The form consists of the following fields:

``Stage name``
   The name of the outlier stage.

``Org unit level``
   This is the level where the outlier analysis will be started. You may
   need to experiment with this setting to find the best fit for your
   data. The outlier analysis will be performed on all org units at the
   specified level and below. If you set the level to 1, a single
   request will be made to the DHIS2 API for all org units. This may
   result in a set of results which is too large to be returned by the
   API. If you set the level to 2, the outlier analysis will make a
   request for each org unit at level 2 (including all of its children).
   Thus, you can set the org unit level at a lower level to increase the
   number of requests made to the DHIS2 API (which in turn should reduce
   the overall number of individual outlier results returned), but this
   will also increase the time it takes to run the outlier analysis.

``Duration``
   The duration of the outlier stage. This is used to determine the start
   and end dates of the outlier analysis relative to the current date.
   The duration can be specified in days, weeks, months, or years with
   the format ``12 months``, ``3 weeks``, ``7 days``, etc. The type of
   period used here should match the period type of the data set used
   for the outlier analysis. For example, if the data set uses a monthly
   period type, you should use a duration of ``12 months`` to analyze the
   last 12 months of data. If you use a duration of ``3 weeks``, the
   outlier analysis will only analyze the last 3 weeks of data, which
   may not be sufficient to detect outliers in a monthly data set.

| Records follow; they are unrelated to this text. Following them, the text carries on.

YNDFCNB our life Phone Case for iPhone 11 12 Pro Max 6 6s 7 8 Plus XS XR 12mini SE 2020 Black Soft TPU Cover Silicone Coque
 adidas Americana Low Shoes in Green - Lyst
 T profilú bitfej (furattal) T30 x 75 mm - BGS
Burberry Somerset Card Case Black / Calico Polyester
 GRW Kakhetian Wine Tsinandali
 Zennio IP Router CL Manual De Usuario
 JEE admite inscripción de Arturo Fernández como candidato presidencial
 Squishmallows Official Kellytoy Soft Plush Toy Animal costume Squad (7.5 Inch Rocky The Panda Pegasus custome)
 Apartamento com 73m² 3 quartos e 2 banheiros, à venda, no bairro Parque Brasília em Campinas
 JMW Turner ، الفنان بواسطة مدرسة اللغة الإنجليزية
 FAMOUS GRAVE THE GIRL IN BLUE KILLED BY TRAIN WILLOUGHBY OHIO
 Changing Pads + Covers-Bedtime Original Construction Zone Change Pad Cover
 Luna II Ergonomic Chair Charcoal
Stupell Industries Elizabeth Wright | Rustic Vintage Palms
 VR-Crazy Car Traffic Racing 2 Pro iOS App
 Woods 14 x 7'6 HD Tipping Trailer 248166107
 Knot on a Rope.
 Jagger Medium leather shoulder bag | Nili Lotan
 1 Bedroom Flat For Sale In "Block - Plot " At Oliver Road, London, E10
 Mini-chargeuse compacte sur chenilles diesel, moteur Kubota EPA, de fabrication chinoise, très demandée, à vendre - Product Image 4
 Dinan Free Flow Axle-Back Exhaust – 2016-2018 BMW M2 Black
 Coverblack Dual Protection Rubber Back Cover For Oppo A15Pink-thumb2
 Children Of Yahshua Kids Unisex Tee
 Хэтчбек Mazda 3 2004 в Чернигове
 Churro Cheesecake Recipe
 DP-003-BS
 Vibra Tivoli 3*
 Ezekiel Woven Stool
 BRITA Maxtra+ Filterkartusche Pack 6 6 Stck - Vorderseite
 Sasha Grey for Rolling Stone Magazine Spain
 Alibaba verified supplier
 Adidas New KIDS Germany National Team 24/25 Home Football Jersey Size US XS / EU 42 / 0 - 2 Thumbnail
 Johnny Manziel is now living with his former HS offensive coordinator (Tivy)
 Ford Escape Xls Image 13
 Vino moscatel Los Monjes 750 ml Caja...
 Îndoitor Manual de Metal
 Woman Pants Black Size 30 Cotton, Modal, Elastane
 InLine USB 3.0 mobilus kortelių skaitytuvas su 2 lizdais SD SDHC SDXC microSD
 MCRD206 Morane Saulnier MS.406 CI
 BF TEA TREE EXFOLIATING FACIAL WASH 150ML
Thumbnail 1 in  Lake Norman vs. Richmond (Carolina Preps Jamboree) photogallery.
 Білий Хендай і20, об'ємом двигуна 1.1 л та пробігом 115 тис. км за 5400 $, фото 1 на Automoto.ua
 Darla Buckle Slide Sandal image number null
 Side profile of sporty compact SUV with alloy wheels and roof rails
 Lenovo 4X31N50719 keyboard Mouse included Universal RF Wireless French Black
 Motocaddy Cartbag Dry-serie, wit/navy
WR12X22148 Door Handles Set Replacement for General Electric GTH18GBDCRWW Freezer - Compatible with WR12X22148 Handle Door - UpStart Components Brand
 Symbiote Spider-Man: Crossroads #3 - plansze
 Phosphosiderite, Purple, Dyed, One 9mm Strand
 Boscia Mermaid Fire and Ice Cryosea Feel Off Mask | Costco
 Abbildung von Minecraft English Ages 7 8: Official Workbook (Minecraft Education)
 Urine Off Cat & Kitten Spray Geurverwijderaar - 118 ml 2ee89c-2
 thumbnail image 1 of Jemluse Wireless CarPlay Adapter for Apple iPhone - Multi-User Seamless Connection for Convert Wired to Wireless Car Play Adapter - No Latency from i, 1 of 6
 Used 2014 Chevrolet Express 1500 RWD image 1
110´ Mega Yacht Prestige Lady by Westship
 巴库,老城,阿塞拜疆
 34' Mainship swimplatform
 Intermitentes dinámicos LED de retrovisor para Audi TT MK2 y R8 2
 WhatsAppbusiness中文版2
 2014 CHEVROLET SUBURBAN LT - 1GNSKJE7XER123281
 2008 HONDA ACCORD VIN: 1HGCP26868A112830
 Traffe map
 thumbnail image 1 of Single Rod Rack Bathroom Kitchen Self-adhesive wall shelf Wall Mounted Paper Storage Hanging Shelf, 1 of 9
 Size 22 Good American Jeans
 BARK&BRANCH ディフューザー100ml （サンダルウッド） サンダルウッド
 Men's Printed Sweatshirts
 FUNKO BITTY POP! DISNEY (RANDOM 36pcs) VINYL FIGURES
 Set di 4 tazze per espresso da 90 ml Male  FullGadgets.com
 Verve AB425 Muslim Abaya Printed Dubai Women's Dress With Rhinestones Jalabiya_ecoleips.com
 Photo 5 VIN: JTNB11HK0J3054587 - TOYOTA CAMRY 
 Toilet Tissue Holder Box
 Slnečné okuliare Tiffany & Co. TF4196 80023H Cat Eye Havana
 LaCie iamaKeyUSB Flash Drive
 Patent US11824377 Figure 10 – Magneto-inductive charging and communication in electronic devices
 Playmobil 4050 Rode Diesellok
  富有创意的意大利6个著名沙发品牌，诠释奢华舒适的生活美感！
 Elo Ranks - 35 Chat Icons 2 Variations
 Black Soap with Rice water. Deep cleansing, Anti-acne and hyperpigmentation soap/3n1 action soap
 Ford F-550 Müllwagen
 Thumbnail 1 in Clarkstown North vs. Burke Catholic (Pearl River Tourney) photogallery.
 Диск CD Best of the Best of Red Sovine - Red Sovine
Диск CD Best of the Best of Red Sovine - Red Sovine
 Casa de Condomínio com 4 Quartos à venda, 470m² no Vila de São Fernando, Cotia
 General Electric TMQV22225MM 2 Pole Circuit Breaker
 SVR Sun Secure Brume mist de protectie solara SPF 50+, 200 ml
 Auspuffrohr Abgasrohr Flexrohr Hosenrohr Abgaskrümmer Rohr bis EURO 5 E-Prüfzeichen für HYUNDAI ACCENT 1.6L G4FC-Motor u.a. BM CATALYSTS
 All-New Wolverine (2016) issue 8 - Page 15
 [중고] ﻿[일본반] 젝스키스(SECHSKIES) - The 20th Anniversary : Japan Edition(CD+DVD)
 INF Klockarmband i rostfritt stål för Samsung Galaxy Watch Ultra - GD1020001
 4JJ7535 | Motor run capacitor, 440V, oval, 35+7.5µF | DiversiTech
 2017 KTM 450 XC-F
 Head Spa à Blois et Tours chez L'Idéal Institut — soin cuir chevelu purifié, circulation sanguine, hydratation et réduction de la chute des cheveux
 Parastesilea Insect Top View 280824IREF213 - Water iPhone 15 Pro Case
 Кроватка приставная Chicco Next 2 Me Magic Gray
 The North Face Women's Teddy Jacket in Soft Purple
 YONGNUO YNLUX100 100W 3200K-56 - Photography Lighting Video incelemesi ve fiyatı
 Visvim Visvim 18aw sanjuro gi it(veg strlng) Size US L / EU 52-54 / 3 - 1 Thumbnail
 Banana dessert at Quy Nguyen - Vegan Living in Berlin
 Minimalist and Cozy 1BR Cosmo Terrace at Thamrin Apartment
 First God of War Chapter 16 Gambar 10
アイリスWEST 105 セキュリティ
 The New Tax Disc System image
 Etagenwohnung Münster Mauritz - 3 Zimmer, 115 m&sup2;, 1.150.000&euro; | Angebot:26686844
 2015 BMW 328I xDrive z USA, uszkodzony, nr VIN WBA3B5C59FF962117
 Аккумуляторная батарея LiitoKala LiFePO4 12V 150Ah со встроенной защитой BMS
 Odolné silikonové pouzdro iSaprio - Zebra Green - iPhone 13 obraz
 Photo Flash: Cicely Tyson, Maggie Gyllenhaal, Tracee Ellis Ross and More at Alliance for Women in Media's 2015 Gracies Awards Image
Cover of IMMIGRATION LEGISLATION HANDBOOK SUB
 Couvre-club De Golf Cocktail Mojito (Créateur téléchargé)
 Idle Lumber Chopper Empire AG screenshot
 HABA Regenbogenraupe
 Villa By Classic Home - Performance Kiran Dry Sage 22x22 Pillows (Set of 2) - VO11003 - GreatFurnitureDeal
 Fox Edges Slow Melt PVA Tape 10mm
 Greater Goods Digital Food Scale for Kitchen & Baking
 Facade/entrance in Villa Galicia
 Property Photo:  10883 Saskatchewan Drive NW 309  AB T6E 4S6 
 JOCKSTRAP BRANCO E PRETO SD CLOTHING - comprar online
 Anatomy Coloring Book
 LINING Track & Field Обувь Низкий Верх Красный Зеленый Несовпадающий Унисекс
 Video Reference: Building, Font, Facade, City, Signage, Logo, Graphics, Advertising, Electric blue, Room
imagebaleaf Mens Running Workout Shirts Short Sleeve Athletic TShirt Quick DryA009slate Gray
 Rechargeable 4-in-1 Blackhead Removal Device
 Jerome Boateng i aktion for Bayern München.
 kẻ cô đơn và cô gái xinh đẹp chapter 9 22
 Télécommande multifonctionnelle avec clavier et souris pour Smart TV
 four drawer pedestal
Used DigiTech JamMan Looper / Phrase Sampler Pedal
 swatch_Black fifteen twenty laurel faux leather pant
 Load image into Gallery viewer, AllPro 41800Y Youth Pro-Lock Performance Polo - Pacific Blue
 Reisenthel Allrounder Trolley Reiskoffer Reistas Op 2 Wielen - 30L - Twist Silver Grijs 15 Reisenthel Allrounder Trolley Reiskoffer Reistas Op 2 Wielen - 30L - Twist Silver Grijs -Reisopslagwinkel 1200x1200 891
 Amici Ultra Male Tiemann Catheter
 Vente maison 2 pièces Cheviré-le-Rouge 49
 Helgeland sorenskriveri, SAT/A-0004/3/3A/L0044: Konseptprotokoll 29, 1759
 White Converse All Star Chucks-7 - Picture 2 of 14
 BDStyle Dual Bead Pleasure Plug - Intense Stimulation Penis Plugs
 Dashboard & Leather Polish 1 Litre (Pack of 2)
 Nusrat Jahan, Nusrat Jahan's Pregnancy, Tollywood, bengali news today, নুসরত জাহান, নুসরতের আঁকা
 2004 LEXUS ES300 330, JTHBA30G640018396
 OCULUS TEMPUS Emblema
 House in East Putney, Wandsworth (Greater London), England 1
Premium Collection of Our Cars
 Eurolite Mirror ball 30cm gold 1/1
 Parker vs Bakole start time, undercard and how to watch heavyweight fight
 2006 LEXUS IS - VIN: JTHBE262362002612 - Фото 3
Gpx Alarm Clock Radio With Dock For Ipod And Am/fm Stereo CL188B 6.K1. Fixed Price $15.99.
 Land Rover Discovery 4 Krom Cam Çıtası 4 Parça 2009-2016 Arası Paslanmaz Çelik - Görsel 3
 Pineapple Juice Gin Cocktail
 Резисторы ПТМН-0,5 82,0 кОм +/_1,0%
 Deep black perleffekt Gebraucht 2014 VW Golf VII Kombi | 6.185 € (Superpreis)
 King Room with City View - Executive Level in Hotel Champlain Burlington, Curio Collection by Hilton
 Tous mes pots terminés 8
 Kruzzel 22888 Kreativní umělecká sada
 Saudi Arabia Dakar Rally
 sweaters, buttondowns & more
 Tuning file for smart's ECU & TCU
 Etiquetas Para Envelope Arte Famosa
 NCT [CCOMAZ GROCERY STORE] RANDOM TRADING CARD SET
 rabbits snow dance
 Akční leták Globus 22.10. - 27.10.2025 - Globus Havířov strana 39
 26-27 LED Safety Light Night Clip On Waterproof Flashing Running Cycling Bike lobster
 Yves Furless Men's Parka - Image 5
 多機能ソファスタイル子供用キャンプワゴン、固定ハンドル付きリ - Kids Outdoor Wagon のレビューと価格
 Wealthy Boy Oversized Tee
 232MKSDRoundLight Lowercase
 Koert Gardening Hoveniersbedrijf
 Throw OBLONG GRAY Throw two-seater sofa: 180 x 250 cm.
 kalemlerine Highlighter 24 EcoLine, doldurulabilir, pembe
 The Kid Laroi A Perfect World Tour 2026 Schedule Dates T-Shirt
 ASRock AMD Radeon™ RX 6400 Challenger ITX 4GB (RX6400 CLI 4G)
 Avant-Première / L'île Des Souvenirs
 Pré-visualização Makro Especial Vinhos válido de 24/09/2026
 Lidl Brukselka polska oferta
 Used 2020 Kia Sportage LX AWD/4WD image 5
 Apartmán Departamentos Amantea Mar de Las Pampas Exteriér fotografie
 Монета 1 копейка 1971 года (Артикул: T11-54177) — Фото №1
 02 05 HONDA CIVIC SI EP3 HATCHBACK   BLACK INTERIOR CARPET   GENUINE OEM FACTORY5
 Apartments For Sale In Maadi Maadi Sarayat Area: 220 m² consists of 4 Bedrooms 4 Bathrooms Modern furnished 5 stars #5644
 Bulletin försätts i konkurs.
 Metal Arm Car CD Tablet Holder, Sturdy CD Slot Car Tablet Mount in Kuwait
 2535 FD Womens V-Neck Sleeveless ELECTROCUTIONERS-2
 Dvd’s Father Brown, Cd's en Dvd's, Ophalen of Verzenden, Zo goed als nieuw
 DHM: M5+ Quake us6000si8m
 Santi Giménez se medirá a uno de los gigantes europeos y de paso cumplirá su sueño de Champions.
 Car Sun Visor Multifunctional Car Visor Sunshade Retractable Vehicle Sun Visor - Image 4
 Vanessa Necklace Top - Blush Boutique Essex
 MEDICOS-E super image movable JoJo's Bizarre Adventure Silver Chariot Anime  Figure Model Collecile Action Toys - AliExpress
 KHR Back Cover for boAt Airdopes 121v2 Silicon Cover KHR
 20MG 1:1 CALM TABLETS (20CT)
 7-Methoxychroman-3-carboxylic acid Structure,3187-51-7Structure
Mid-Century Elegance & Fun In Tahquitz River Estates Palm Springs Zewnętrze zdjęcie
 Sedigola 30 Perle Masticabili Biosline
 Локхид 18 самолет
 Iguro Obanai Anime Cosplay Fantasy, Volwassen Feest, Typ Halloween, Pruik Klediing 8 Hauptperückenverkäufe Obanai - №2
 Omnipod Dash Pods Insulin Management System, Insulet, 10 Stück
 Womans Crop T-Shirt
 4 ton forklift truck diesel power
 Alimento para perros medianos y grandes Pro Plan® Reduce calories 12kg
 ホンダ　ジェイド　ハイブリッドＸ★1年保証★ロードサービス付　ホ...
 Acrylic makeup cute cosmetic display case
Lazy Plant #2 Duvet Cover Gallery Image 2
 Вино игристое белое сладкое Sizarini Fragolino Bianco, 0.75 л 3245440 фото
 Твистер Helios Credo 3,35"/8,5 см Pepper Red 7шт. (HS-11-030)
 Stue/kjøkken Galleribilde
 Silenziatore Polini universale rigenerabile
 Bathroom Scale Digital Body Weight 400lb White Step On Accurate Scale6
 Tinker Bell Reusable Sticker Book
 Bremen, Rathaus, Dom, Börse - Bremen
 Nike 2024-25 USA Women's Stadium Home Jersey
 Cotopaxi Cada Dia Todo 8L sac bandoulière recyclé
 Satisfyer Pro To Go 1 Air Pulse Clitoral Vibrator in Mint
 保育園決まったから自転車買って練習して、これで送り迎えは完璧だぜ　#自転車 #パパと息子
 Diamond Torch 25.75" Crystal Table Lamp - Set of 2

``Data start date offset``
   The data start date offset is used to determine the start date of the
   data which will be used for the outlier analysis.

``Data end date offset``
   The data end date offset is used to determine the end date of the data
   which will be used for the outlier analysis. You may want to exclude
   the current month from the outlier analysis, in which case you can set
   the data end date offset to ``1 month``. This will ensure that the
   outlier analysis only uses data from the previous months, and not the
   current month. This is useful if you want to analyze the data for the
   previous months and not include the current month, as the data for the
   current month may not be complete yet.

``Data set``
   The data set to use for the outlier analysis.

``Algorithm``
   The algorithm to use for the outlier analysis. The available
   algorithms are:

   - ``MOD_Z_SCORE``: Modified Z-score method.
   - ``MIN_MAX``: Determines outliers based on the minimum and maximum
     values.
   - ``Z_SCORE``: Z-score method.
   - ``INVALID_NUMERIC``: Identifies invalid numeric values as outliers.
     These typically correspond to very large values which cannot be
     cast to numbers in the PostgreSQL database.

``Threshold``
   The threshold to use for the outlier analysis. This parameter is only
   relevant for the ``MOD_Z_SCORE`` and ``Z_SCORE`` algorithms. When the
   Z-score is above the threshold, the value is considered an outlier.

``Destination data element``
   The data element used to store the number of outliers detected by the
   outlier stage.

``Active``
   Whether the outlier stage is active or not. If the outlier stage is
   not active, it will be excluded when running the outlier analysis
   with the command line script.